Yağmurla Gelen Fısıltı

yazı resim

Şuursuz yoğruldu düşlerim kör bir kuyuda
oynaşır yakamozlar gözyaş(lar)ımda
harabedir arşı kalbimin/ som yalnızlık
caddelerde yaralı ayak izleri(m) esrik
revaklardan geçerek ulaşırım taşraya
geçtikçe yüzümden her serseri rüzgar
batar beynime/ kargı olan saçlarım.

sehven yazıyordu kalemim bunları
kuduruyor satırlara düşülen kelimeler
arşınlarken sesim harfleri/ sıkışır bir derbentte
zulmün zinciridir kalemimi tutan el.

yüreğim rüzgarda yalpalanan yelken
sürüldüğüm bu deniz hırçın ve korkak
şahlanır her yanımda dalgalar çılgın
korkunca/ bir hemgâmedir titreyen çığlık
martıların son ağıdıdır bu dalgalanan ses
soldu tepeme üşüşen yıldızlar / bilmem neden?

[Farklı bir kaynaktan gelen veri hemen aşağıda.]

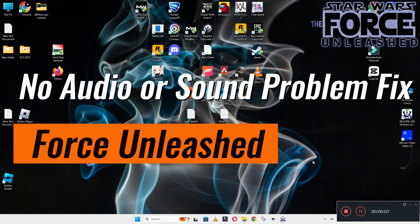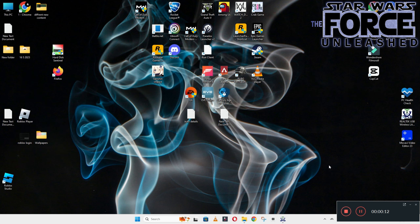Hello guys, welcome back to another video. In this video I will show you how to fix Star Wars The Force Unleashed no audio or sound problem on your Windows PC and laptop.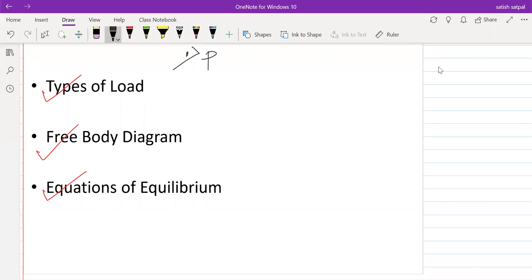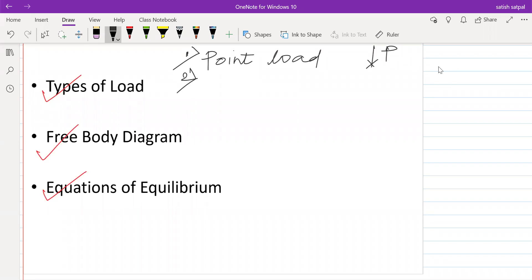The first one is point load, which is acting at a single point theoretically — indicated by P. The second type of load is uniformly distributed load, which you can call UDL. The third fundamental type of load is UVL — uniformly varying load.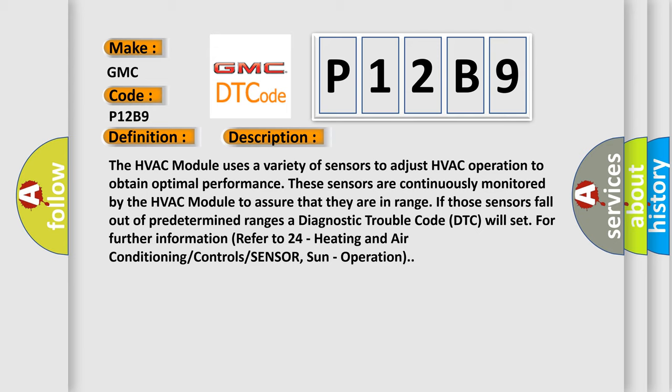These sensors are diagnostic trouble code DTC will set for further information refer to 24 heating and air conditioning control sensor, sun, operation.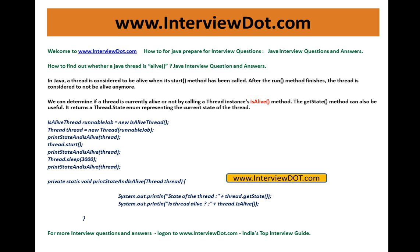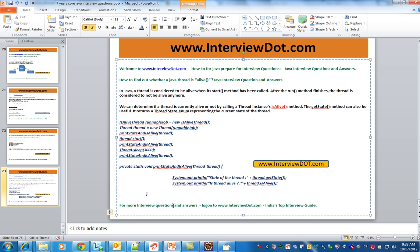You need to know one point here: if the run method is completed, the thread state will be dead. If the thread is still running the run method, then the thread state is alive. If the run method is completed, it is dead. If it is not completed, it is alive.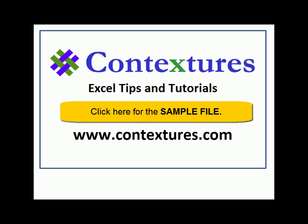For more Excel tips and tutorials and to download the sample file for this video, please visit my Contextures website at www.contextures.com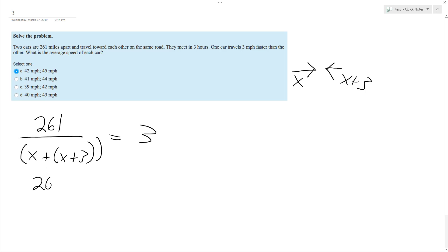So 261 over two X plus three equals three. So we end up, multiply the two X across, two X plus three across.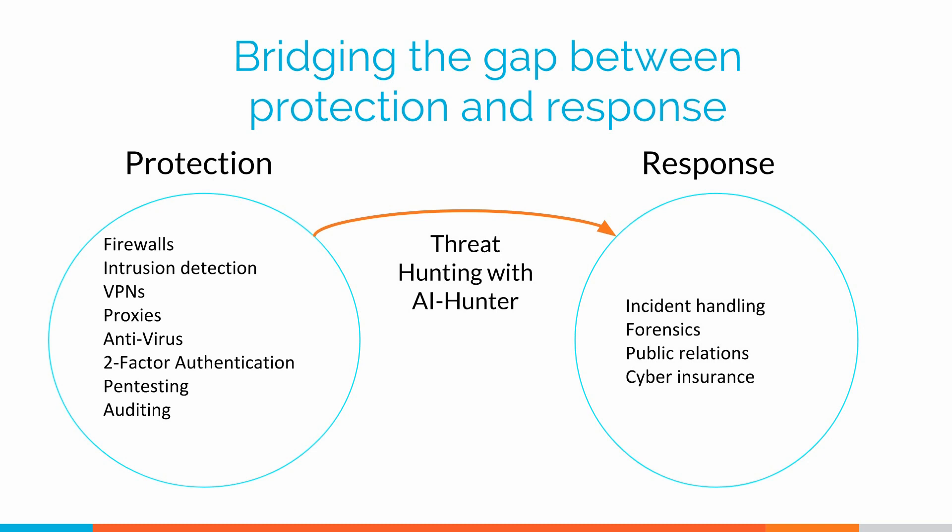The industry average for identifying that a network's been compromised is six months or more. In fact, that number is even a little misleading because most places find out from a third party that they've been compromised. The data's been found out on the internet someplace, now they know they've been owned. They didn't figure it out through their internal security operation center.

aynadan geçen geceye çizilen izdüşüm
izi kalmaz eski dostların öptüğü rüyamın
âsûmana dolunayı taşıyan hayaller
kırılır merceğe yansıyan ışıkta
bir dirhem sevinç yüklense dünyama
sığmaz hülyalarıma/ umutlar taşar.

bu şiir...
vuslatın dudağında büyüyen şarkı
yüreği yakan ateşin şavkı
adressiz yönlere savrulan dua
parmaklarımda uysal duran kalemin
vakur terkedişiydi tarazladığı sayfayı

sesim/ zehirli hançerler ucunda nârâ
dinelmedi yılların deşelediği yüreğim
nokta nokta koparılan ruhumun motifi
kırçıl renkte asılır delinmiş gökyüzüme
demir tarakların okşadığı başımda
hissettiğim tek acı
düşmesiydi suyun damla damla.

ıslanmış dudağımdaki haykırışlar
bundandır/ tutuşturamıyor dilim harfleri
kopar kelimeler dudağımdan yorgun
uzatın şehadet parmağınızı yüreğime
şahid olun bin yılın kanattığı yarama
iklimlerden sızarken sessizim
bir fısıltıdır rüzgarın süzülüşü yüzünde
apoleti sökülmüş duvarda duran gölgemin.

ölümün ruhlar otağı kurulurken kabrime
yoktu ta’ziyemde hiçbiriniz/ tedirginim
hüznün türküsüdür kefenimdeki semum karayel
mest eder canımı yağmuru ıslatan gözyaşlarım
avuçlarımda sımsıkı tuttuğum bir yüz var/ kimim ben?

hiçbir şeye rağmen!..
bari öpün yüreğimden beni
duy(m)uyor musunuz? siz de/ çatırtısını
an-be-an kırılan naif cidarının kalbimin.